“Boys”, novo clipe da Charli XCX, oferece uma boa reflexão sobre objetificação masculina

29. julho 2017 POP 0
“Boys”, novo clipe da Charli XCX, oferece uma boa reflexão sobre objetificação masculina

Durante a semana, Charli XCX lançou o single “Boys”, canção sobre uma obsessão por garotos. Ela quer todos eles: o cara para transar numa sexta à noite, aquele que vai acordá-la num domingo de manhã e aquele que vai vê-la depois do trabalho.

Alguém pode pensar que, em tempos de empoderamento feminino, talvez a música seja um passo para trás. Porém, o clipe que acompanha a faixa, de maneira divertida, vira os papéis de gênero de cabeça para baixo, e oferece uma boa reflexão sobre objetificação masculina.

O vídeo é cheio de caras famosos: Joe Jonas, Diplo, Charlie Puth, Cameron Dallas, G-Eazy, Joey Bada$$, Mark Ronson, Wiz Khalifa,Ty Dolla $ign, Riz Ahmed, Tom Daley e mais um monte de celebridades que o Buzzfeed listou aqui. Todos eles aparecem fazendo caras e bocas e copiando atitudes que a gente só vê mulheres fazendo em clipes, especialmente de artistas masculinos. 

Eles lambem os lábios, fazem caras sensuais, ficam molhados, fazem guerra de travesseiros, ficam sem camiseta e outras coisas. São atitudes que nos fazem rir, mas é exatamente porque nos fazem rir que precisamos pensar: por que um homem fazendo isso é algo bobo e quando é uma mulher nós mal nos importamos? Naturalizamos tanto assim o corpo seminu das mulheres?

Segundo a própria Charli XCX, que dirigiu o clipe em parceria com Sarah McColgan, seu objetivo era mesmo falar sobre essa desigualdade de gênero.

“Basicamente, eles estão fazendo as coisas sensuais que meninas geralmente fazem em vídeos”, contou a cantora ao BBC Radio 1. “Eu queria fazer esse vídeo. Eu o dirigi e não estou nele. Eu queria virar o olhar masculino de cabeça para baixo e fazer os rapazes fazerem as coisas sensuais”.

Ao afirmar isso, é fácil alguém pensar se a objetificação masculina seria mesmo o caminho para a igualdade de gênero. Isto é: não deveríamos incentivar para que mulheres e homens não ficassem nus ou mostrando seus corpos em clipes, séries e filmes?

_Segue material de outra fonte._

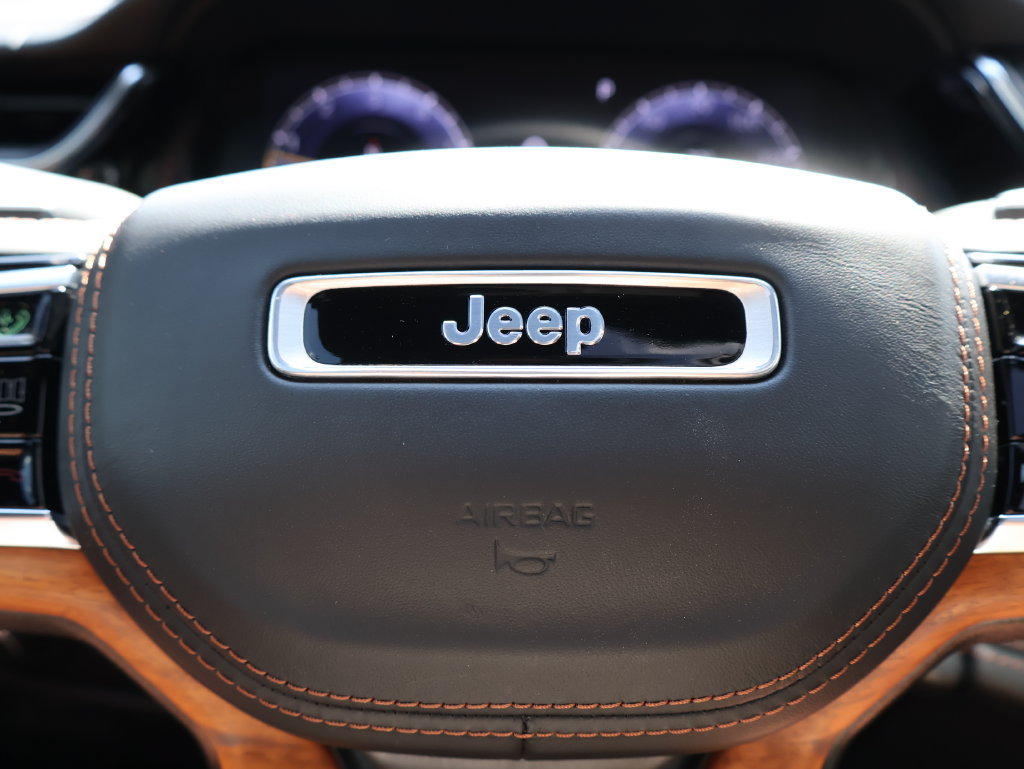 Used 2024 Jeep Grand Cherokee L Summit AWD/4WD image 29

Parece um ponto válido. No ano passado, Kit Harrington, o Jon Snow de “Game of Thrones”, reclamou da forma como é reduzido a apenas um rosto bonito, tal qual as mulheres são sempre tratadas. Embora ele tenha considerado isso como uma forma de “machismo contra os homens”, o que ele quis dizer era objetificação masculina. E vale dizer, ela não é nem um pouco igual à objetificação feminina.

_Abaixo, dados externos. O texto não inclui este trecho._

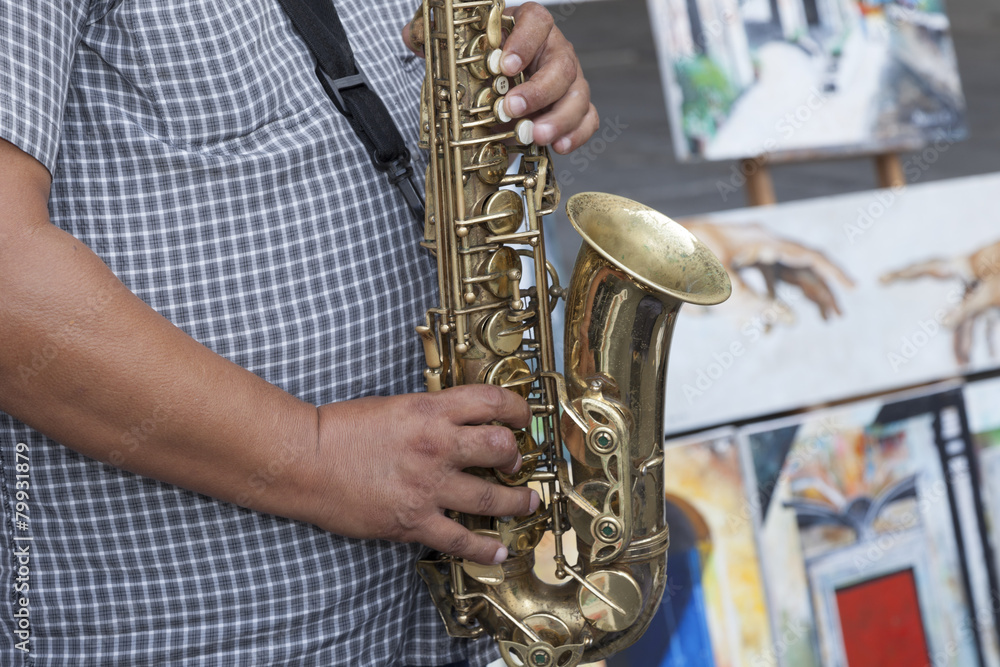 Fototapeta premium Suonatore di sax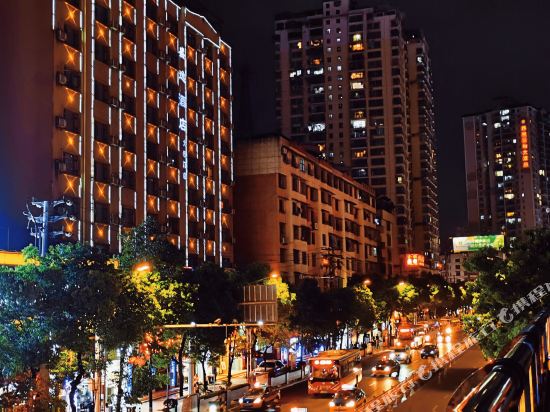 盛逸酒店(都匀大西门店)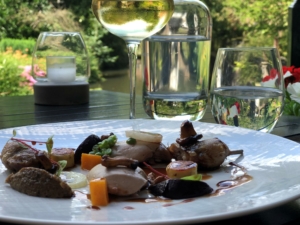 hier Vervreemden Flikkeren Eten op een heel bijzonder terras - Indebuurt.nl - Restaurant de Monnikendam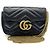 Gucci GG Marmont gesteppte Leder-Schultertasche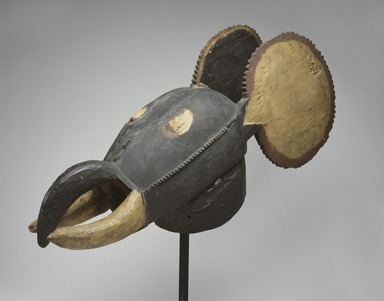 Baule. <em>Elephant Mask</em>, late 19th or early 20th century. Wood, pigment, leather, 14 1/2 x 10 x 38 in. (36.8 x 25.4 x 96.5 cm). Brooklyn Museum, Museum Expedition 1922, Robert B. Woodward Memorial Fund, 22.876. Creative Commons-BY (Photo: Brooklyn Museum, 22.876_SL3.jpg)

Não dá para comparar um com o outro, especialmente porque a imensa maioria de casos envolvendo objetificação sexual de corpos acontece com as mulheres. E, muitas vezes, elas sequer têm direito a ter um rosto, como podemos ver analisando apenas pôsteres de filmes.

O site De Oito trouxe até uma lista, feita por Bem Heldman, que ajuda a perceber como a objetificação masculina é diferente da feminina. Enquanto as mulheres são posicionadas como meras coisas, ou objetos mesmo, cujo valor está todo atrelado ao sexo, o mesmo não acontece com os homens, que são tratados de maneira muito mais leve. E a questão traz consequências reais às vidas das mulheres.

“Mulheres objetificadas na mídia são um retrato exato do que a sociedade machista e misógina entende por mulher ideal. Tem um motivo, afinal, por que 96% das imagens sexualmente objetificadas são de mulheres”, escreveu Lara Vascouto no Nó De Oito. “A objetificação feminina (e a consequente desumanização da mulher) faz parte do modus operandi da misoginia, e é em grande parte o que motiva as diversas violências que sofremos, desde assédio de rua, até estupro coletivo, violência obstétrica e feminicídio”.

Ou seja, enquanto a objetificação feminina está ligada à desumanização da mulher, a objetificação masculina é muito menos perigosa – talvez até vista como “legal” para alguns. É curioso como um clipe de música pop pode nos ajudar a pensar em questões que talvez não refletíssemos de outra maneira.

E ainda há quem não acredite no poder da cultura pop em formar conversas, né?